So maybe it's because I've been doing a lot of UI work lately, or maybe it is because Jeff Peters and Hal Helms have been talking about user interfaces on their podcast, but for whatever reason I've been taking greater notice of interfaces over the past few weeks. It really interesting just how bad some interfaces can be, and how sometimes, just one feature can really make or break a user experience. Case in point my cable box. Here in Philadelphia I have Comcast. When I first moved into my new house a few months ago and called to set up my service I was really surprised that human answered the phone within about 10 seconds of dialing. I'm most familiar with Time Warner Cable in New York where you usually had to try to talk to a machine for 5 minutes before getting fed up and pressing 0 or screaming "Operator!," only to be put on hold for another 30 minutes before you could finally talk to someone. And once you did get a human on the line they usually sounded like they were doing you the biggest favor in the world by talking to you. So anyway, at this point I though Comcast really had it together. However once I finally got my HD/DVR digital cable box (made by Motorola) and started using it, well that is where the love affair ended. I've actually had to call customer service three times in a little less than three months due to the horrible interface this box has.
The first time I called was about ten minutes after I started using the box the first night we had it. The problem was I would navigate down into some listing menu five levels deep and couldn't figure out how to go back up one level. It was so annoying because I could completely exit the menu, but then I'd have to navigate back down to where I was to view the next option in the menu. Now I really don't think I'm that dense, I tried several things - the back button, the page up button, the menu button - but I just couldn't figure this out. So I called only to find out I needed to press the "last" button. I guess that sort of made sense, but it just didn't seem that obvious to me at the time. (To this day I still find it awkward. This may be due to where the last button is placed on the remote control. It is basically under half of your palm when you hold the remote which makes it hard to reach.)

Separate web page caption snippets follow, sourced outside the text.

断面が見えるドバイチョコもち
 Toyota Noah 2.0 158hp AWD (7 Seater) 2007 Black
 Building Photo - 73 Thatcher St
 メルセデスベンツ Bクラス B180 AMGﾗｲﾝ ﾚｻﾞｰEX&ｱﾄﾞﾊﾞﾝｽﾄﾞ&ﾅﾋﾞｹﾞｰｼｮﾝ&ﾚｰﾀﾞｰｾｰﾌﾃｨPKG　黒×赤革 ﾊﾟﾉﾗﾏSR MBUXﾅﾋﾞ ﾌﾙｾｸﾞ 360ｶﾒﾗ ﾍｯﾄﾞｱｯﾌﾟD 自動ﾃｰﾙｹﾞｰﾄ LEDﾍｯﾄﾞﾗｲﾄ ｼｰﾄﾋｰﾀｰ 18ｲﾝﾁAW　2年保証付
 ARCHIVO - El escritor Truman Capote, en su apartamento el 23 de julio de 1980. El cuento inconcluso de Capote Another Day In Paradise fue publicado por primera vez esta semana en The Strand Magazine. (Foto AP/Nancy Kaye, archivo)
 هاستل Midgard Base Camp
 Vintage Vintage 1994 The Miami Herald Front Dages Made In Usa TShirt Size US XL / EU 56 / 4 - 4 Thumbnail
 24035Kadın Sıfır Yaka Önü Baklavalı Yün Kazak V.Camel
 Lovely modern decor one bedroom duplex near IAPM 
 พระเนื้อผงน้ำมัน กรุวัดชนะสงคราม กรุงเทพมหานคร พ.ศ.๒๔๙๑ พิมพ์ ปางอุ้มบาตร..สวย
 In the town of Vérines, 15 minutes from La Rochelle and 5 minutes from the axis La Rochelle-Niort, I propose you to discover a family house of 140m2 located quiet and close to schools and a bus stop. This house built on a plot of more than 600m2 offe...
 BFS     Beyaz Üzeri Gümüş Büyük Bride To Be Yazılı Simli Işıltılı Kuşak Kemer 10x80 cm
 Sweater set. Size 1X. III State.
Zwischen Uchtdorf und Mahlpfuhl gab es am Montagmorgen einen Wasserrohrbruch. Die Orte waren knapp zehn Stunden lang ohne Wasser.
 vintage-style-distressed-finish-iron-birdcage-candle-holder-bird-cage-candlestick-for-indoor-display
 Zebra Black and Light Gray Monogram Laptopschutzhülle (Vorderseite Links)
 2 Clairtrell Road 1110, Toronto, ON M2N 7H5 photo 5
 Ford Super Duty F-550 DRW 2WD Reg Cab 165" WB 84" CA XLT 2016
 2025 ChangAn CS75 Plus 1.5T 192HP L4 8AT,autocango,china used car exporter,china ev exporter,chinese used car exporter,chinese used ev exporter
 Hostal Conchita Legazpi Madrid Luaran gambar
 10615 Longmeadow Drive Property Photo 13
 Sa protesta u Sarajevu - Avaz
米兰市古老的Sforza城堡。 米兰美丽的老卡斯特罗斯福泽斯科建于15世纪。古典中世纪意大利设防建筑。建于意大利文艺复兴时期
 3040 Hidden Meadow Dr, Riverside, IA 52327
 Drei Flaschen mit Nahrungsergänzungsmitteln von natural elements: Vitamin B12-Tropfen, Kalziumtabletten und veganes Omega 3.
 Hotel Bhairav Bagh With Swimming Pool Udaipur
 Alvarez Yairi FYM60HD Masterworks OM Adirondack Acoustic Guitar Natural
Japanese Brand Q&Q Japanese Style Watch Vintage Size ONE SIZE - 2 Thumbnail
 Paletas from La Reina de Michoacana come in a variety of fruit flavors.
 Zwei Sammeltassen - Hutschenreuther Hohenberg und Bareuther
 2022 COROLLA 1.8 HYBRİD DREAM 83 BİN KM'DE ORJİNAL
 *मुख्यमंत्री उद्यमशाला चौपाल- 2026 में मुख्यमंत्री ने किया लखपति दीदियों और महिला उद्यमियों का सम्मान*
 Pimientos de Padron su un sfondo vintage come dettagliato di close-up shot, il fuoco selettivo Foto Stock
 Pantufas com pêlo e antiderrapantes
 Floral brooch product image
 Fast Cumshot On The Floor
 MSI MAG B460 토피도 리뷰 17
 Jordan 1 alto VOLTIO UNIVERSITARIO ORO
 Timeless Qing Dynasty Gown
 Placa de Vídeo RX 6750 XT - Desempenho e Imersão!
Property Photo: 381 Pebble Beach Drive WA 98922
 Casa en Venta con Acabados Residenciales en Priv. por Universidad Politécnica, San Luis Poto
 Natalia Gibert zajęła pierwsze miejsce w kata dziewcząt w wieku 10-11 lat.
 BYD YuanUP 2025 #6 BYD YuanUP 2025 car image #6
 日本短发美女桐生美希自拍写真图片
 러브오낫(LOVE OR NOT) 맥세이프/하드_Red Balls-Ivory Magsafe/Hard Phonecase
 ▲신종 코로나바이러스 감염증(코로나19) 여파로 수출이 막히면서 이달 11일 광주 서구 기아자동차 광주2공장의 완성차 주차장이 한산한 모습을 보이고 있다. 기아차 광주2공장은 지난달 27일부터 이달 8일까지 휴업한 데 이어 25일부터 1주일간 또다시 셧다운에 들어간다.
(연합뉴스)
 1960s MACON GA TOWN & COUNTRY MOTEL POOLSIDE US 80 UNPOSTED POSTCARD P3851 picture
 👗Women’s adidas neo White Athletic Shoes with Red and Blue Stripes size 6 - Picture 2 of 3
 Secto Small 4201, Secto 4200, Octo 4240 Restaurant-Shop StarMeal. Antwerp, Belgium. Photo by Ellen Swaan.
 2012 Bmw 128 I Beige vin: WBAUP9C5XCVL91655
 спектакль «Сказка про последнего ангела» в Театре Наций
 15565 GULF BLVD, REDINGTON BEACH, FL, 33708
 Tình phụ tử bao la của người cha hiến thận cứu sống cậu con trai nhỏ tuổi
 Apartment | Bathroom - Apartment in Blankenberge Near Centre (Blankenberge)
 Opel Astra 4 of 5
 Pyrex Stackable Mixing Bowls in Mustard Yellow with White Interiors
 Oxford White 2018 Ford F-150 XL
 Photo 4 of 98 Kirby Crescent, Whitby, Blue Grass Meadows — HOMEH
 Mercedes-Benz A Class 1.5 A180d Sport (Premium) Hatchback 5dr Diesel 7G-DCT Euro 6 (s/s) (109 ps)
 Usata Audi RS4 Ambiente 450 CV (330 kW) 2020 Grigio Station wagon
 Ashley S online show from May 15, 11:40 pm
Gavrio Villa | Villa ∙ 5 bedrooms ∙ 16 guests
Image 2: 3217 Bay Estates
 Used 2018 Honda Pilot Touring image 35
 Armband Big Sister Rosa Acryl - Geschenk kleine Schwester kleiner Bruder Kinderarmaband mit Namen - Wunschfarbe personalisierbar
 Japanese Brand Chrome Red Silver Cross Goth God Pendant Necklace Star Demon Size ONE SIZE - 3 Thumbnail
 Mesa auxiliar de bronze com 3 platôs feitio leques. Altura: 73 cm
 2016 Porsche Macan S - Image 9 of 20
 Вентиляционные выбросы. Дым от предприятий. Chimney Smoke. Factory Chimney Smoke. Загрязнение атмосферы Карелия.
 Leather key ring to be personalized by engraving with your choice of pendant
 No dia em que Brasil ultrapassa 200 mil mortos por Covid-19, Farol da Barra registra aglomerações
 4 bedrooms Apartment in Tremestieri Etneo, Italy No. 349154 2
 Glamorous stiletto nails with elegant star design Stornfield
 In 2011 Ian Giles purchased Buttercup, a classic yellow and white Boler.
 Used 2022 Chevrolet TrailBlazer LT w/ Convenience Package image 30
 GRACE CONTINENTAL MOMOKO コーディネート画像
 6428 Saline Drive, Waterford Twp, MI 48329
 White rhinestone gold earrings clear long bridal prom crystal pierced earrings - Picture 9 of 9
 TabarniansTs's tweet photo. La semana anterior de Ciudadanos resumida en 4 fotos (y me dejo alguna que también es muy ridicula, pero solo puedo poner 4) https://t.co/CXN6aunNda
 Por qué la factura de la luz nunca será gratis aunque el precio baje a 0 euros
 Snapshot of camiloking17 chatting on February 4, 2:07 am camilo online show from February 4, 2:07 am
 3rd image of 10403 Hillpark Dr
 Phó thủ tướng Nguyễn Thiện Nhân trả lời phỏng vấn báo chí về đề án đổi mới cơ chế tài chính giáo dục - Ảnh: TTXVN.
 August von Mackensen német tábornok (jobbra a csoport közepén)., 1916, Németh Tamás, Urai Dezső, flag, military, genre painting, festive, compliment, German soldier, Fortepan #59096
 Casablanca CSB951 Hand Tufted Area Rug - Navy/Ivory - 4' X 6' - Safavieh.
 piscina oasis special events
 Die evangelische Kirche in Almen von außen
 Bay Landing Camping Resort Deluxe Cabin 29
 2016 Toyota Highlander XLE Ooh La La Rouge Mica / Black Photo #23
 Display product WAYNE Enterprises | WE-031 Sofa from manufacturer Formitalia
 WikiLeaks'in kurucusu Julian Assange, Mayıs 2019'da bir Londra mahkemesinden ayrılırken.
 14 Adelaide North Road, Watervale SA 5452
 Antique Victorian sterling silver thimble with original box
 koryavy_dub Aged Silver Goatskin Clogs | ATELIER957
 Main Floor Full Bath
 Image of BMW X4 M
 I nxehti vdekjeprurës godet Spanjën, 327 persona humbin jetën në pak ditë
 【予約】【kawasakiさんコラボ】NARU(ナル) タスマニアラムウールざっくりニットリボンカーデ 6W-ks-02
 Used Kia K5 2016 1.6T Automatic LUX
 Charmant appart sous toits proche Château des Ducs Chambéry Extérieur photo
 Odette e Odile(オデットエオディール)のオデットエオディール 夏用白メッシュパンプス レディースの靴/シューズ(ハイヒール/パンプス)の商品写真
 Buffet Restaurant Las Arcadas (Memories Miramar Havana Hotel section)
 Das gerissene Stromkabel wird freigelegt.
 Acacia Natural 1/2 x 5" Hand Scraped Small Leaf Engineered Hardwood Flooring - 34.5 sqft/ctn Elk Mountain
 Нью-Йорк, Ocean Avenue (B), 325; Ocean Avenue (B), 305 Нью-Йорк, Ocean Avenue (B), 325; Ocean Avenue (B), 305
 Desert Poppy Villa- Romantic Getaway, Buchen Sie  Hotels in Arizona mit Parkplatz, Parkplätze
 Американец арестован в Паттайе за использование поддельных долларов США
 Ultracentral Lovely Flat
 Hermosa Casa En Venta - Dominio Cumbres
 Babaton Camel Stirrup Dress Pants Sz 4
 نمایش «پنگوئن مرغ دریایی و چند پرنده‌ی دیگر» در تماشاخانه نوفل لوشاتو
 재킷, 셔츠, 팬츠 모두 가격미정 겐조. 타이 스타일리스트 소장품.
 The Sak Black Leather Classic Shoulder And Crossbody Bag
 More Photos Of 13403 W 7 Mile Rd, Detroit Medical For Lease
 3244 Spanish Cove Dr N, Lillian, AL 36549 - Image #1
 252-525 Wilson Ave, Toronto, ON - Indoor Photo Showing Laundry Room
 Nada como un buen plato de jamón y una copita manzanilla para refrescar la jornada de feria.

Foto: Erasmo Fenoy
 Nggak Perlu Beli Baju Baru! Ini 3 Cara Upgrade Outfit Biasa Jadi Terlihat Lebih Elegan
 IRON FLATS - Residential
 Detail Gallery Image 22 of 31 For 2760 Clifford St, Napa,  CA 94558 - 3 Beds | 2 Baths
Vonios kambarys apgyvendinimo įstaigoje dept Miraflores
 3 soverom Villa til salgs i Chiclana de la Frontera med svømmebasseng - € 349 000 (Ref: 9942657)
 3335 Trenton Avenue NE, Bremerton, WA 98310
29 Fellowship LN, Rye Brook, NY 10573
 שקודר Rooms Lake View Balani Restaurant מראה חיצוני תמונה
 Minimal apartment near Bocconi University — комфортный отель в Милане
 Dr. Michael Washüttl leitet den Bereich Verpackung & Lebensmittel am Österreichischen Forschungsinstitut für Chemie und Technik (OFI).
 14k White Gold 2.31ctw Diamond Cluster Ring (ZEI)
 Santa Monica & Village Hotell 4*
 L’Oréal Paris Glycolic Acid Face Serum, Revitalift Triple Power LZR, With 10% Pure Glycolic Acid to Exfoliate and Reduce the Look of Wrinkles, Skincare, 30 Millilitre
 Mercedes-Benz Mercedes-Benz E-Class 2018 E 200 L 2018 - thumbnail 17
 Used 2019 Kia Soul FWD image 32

The next time I had to call because, while we had ordered a DVR box, our cable box didn't seem to be recording any of the programs my wife and I were trying to record. (DVR is kind of like Tivo built into the cable box.) I was able to navigate to the program in the on-screen guide and hit the record button on the remote control which in turn caused a little red circle appeared next to the program title indicating it was recording, however, once we went to watch any of our recorded programs we couldn't find them in the menu system. I though that this was me just not "getting it" again so I called Comcast. After a few minutes they determined that the box I had didn't actually have DVR capabilities. When I asked why then it would show the program recording they didn't really have an answer. This was fantastic example of a horrible interface in action.
The third call was just the other night. Somehow the volume on the cable box had become muted. I knew it was the cable box that was muted an not the TV because an on-screen message said "MUTE" in the cable box's display font. This was strange because up until this point we had always controlled the volume and muting via the TV using the cable remote. I tried to un-mute the cable box but everything I tried only changed TV volume, not the cable box's. I even tried navigating into the cable box's audio options menu, but alas I was again stumped by my cable box's interface. I called Comcast and they had me punch a code into the remote and we finally had sound again. When I asked how the cable box could have gotten muted in the first place, again the Comcast rep had no answer. This must be a common issue though because the rep had the answer ready.
Now while dealing with customer service at Time Warner Cable in New York was never fun, I don't really remember having all of these problems working with the cable box. In fact, I remember the interface being quite smart. (I wish I could remember who made those boxes.) One feature I absolutely loved was fast-forward. If you were fast-forwarding through commercials and hit the play button when you got back to your program the player would back up a second or two before playing. The player actually tried to compensated for the time it took for you to press play after seeing your program on screen. I can't say how much I miss this feature on my current cable box.
So just keep in mind that while you may not think it's quite fair to condemn a whole application because of a single UI slip-up, your users may not be so forgiving...
(And yes I know I need to take my own advice and do something about the small reverse type on this blog.)